En la repartición de los roles, existen tradicionalmente primeros roles, segundos roles y hasta figuraciones. Nos encontramos aquí, frente a un tipo de división del trabajo, la cual sigue un orden social bastante estricto, aunque esta forma de disposiciones en rangos tan claros ya no suele darse tan fuertemente en la danza contemporánea.


Sin embargo todavía es muy común que algunas compañías tengan inclusive el nombre de su director o coreógrafo, marcando aún más la importancia de éste último como personalidad principal en el grupo. La figura del coreógrafo ha ido reemplazando lo que en los inicios de la danza como arte escénico profesional era llamado “maestro de baile”, que no sólo enseñaba pasos muy codificados, sino que organizaba y estructuraba la puesta en escena, controlaba los cuerpos, los posicionaba y los hacía moverse de tal o tal manera, según códigos sociales y la manera de pensar la composición escénica. Este personaje está muy ligado a la noción de autoridad.


Hoy en día el coreógrafo, aunque han aparecido muchas maneras diferentes de trabajo coreográfico y de relaciones con los bailarines, sigue teniendo un control de lo que sucede con esos cuerpos.


El “maestro de baile” se convirtió en “el artista”, aunque en ciertos casos subsista esa relación de dominación entre el coreógrafo y los “ejecutantes”. Este juego de poder se justifica muchas veces por la idea según la cual el resultado artístico prevalece ante todo proceso y por la fusión inquebrantable de las ideas de coreógrafo y genio-creador.


Aquí se introduce la problemática de la autoría, la dificultad es que, a partir de los años 70 y 80 se introduce de manera casi sistemática la improvisación como estrategia de búsqueda de material coreográfico, la creatividad de los bailarines, así como sus cuerpos, pueden transformarse en un capital que será gestionado por su director.


El tipo de resistencia de la que hablamos aquí se relaciona con nuevas maneras de asociatividad y espacios de colaboración donde no se busca establecer una mirada única, oponiéndose a una manera jerarquizada de funcionamiento e indagando en nuevos tipos de relación entre coreógrafo y bailarines, relaciones más democráticas y más flexibles, que le den un espacio a la creatividad de todos los artistas pertenecientes al grupo.

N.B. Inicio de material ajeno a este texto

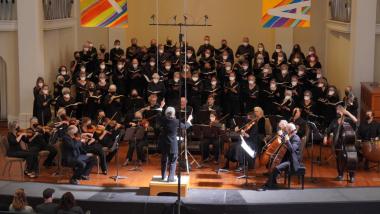 SF Bach Choir - Songs of Spirit and Joy - December 3-4, 2022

La manera más radical de subvertir la tradicional organización jerarquizada del grupo de danza es la asociación en colectivos. Estos promueven maneras plurales de crear, en que cada integrante puede proponer ideas, consignas, modos creativos y herramientas para la producción danzaria. El hecho de nombrarse como “colectivo”, demuestra un deseo de organización para la creación en la cual no existe una figura predominante.


Sin embargo, esto enfrenta a los colectivos a dificultades de tipo estructural, que les obliga a experimentar modos de funcionamientos alternativos.


Según Alejandra Gómez, miembro del colectivo Inquietos, el trabajo en colectivo es difícil, por eso este grupo ha ido organizándose de tal manera que al momento de crear un trabajo nuevo, existe la libertad de que éste “se vaya generando en base a la propuesta de alguno o algunos de los integrantes, que luego se discute. No se impone nada…”[3]. El objetivo es el compartir las ideas con la comunidad del colectivo y estar dispuestos a que se transformen. Aunque con cierta organización, que va cambiando de “responsable” según cada proyecto, el trabajo en equipo es permanente.